> _Your assignment_: For the data that follows, return each line unchanged and drop the pictures.

> _Provided data_:
· · ·
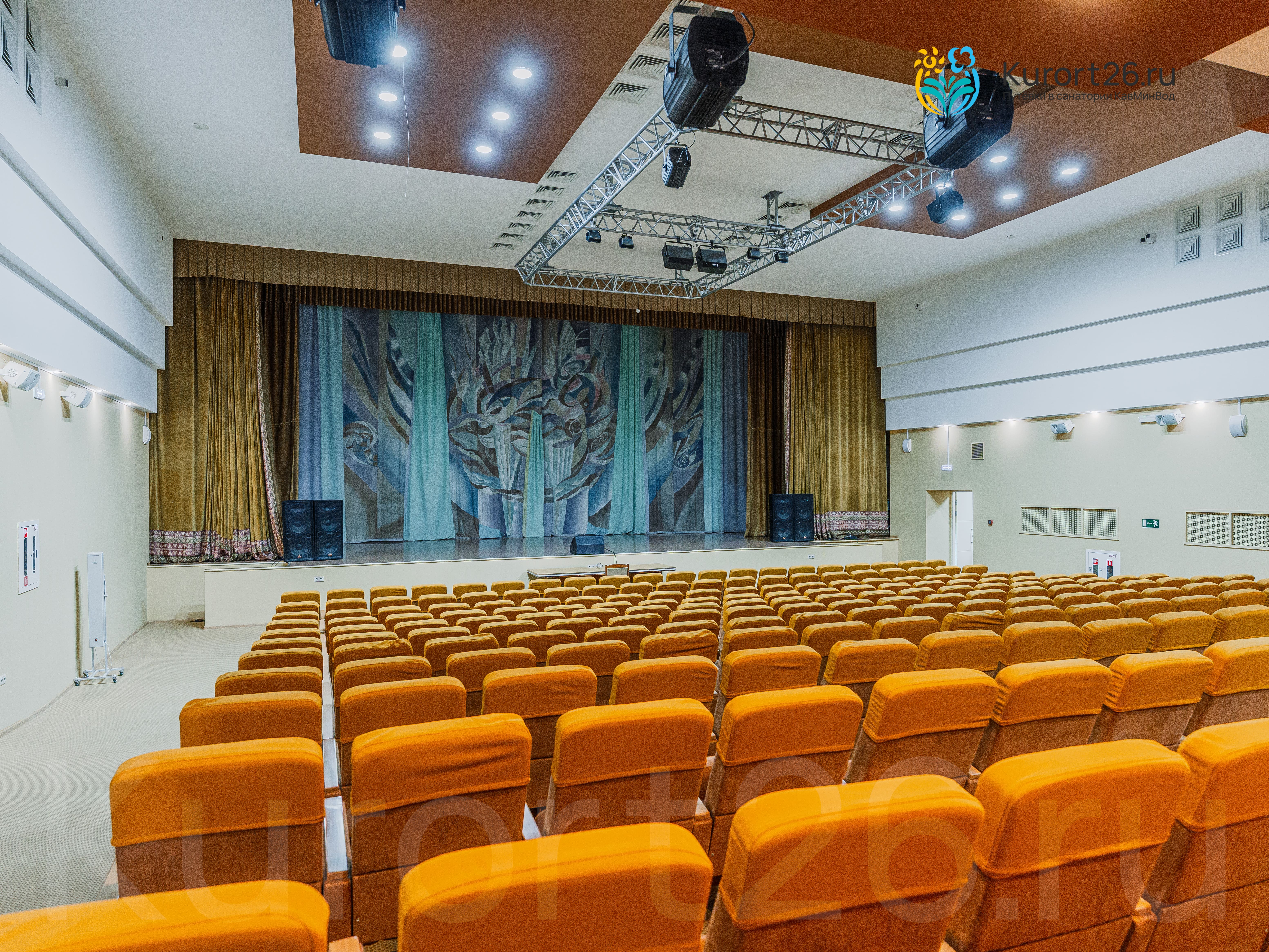 Санаторий «Крепость» г. Кисловодск. Концертный зал Санаторий «Крепость» г. Кисловодск. Концертный зал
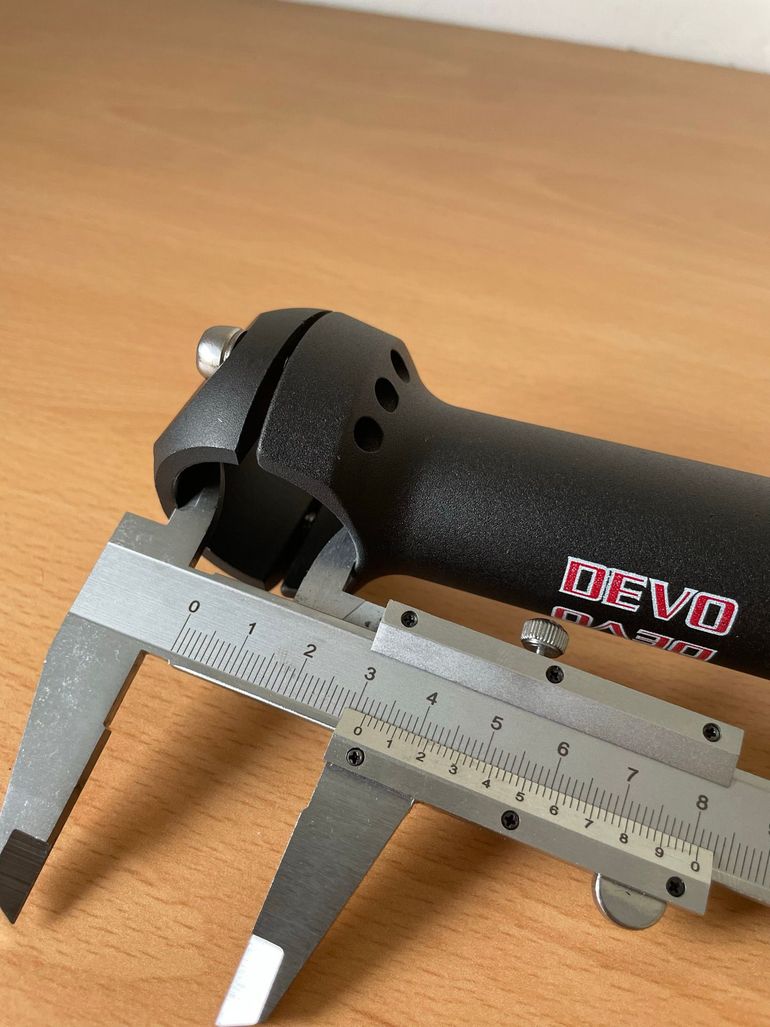 Brugt Cinelli DEVO Stem 130mm Matte Black () - New (Minor Storage Mark) 2007 bike — billede 8 af 11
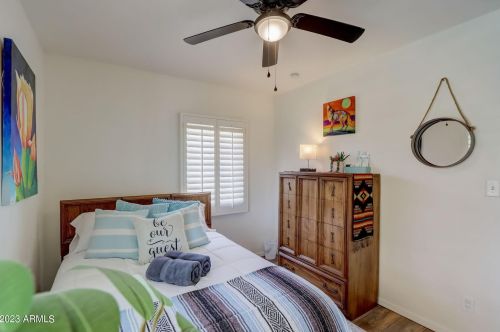 1701 Clarendon Ave, Phoenix AZ 85018-5209 exterior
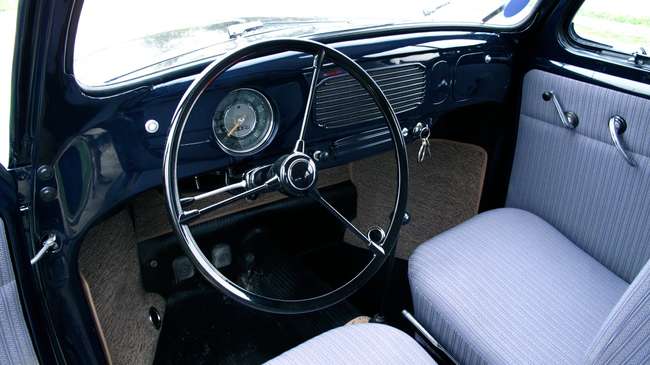 1952 Volkswagen Split-Window Beetle-Sold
· · ·
> _Answer box_:
 Санаторий «Крепость» г. Кисловодск. Концертный зал Санаторий «Крепость» г. Кисловодск. Концертный зал
 Brugt Cinelli DEVO Stem 130mm Matte Black () - New (Minor Storage Mark) 2007 bike — billede 8 af 11
 1701 Clarendon Ave, Phoenix AZ 85018-5209 exterior
 1952 Volkswagen Split-Window Beetle-Sold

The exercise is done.